TASK TO COMPLETE:
From first line to last, transcribe the listing exactly and skip any image.

*** DATA EXCERPT Section Begins ***

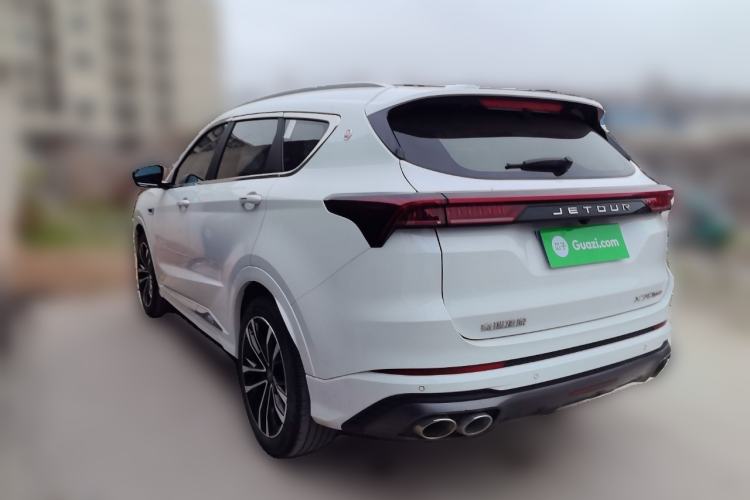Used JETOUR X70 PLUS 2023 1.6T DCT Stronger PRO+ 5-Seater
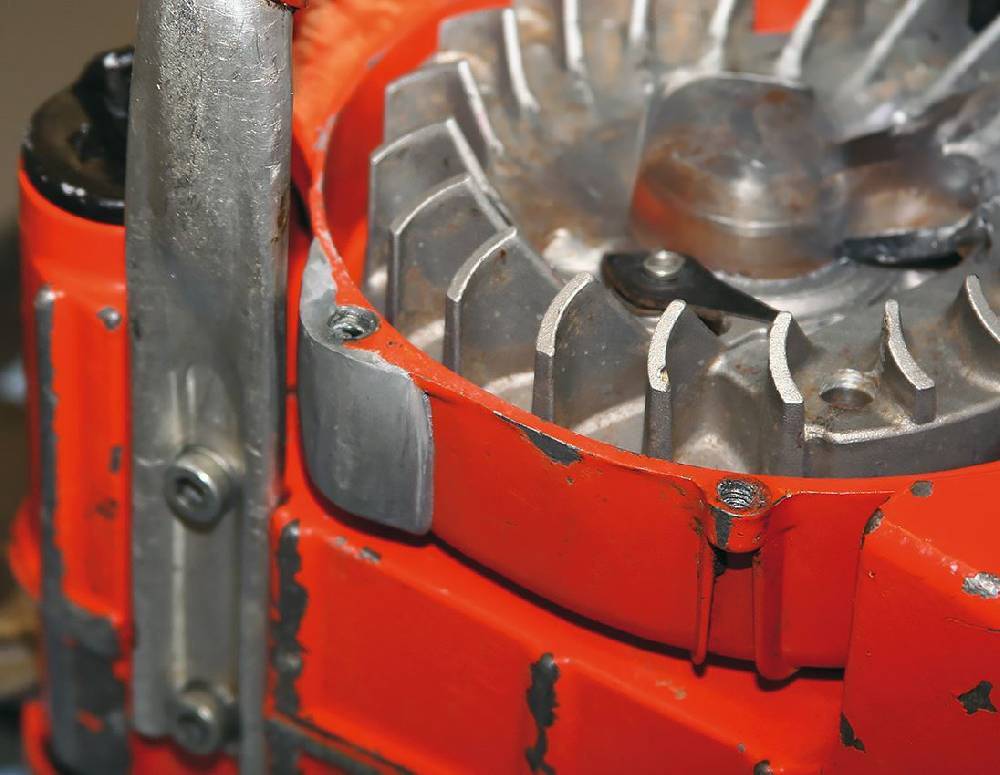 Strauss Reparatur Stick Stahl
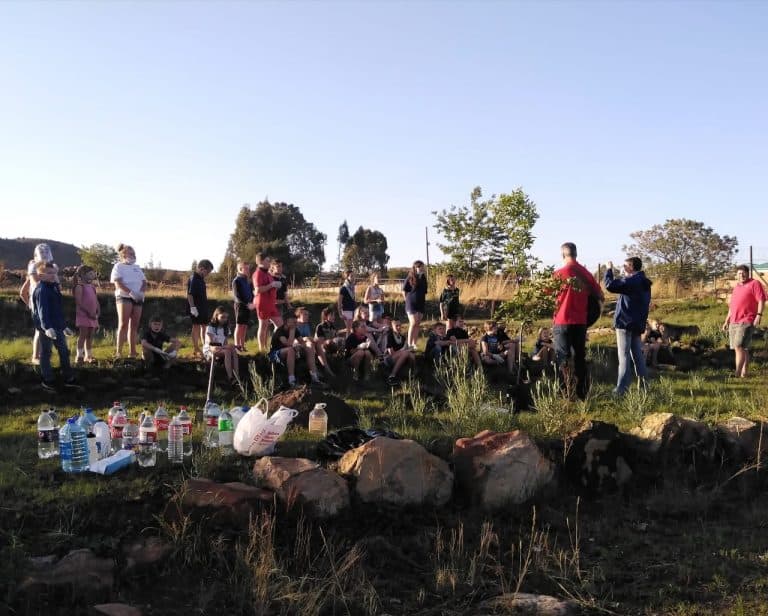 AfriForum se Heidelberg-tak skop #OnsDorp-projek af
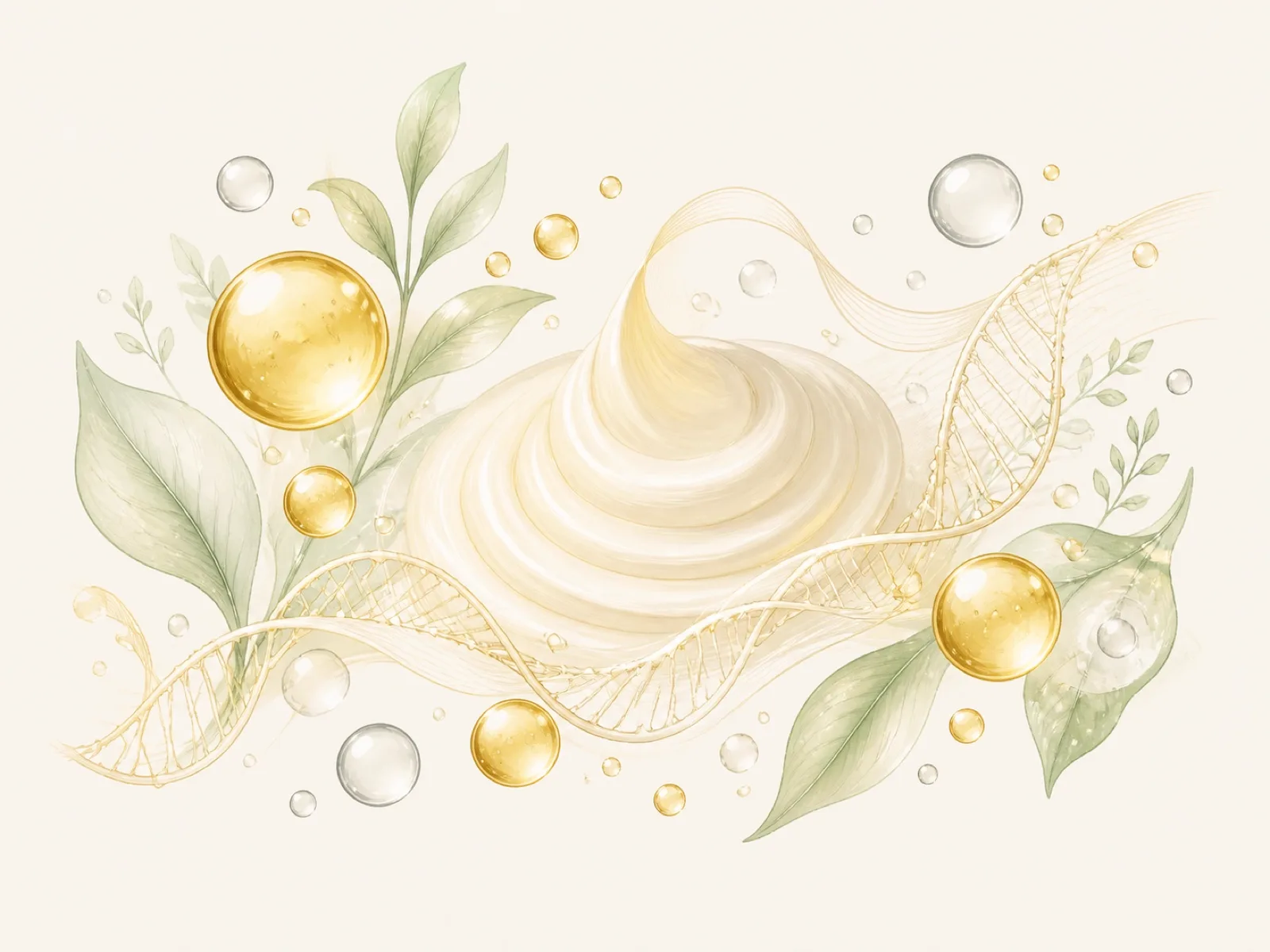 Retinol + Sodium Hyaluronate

*** DATA EXCERPT Section Ends ***

TASK OUTPUT:
Used JETOUR X70 PLUS 2023 1.6T DCT Stronger PRO+ 5-Seater
 Strauss Reparatur Stick Stahl
 AfriForum se Heidelberg-tak skop #OnsDorp-projek af
 Retinol + Sodium Hyaluronate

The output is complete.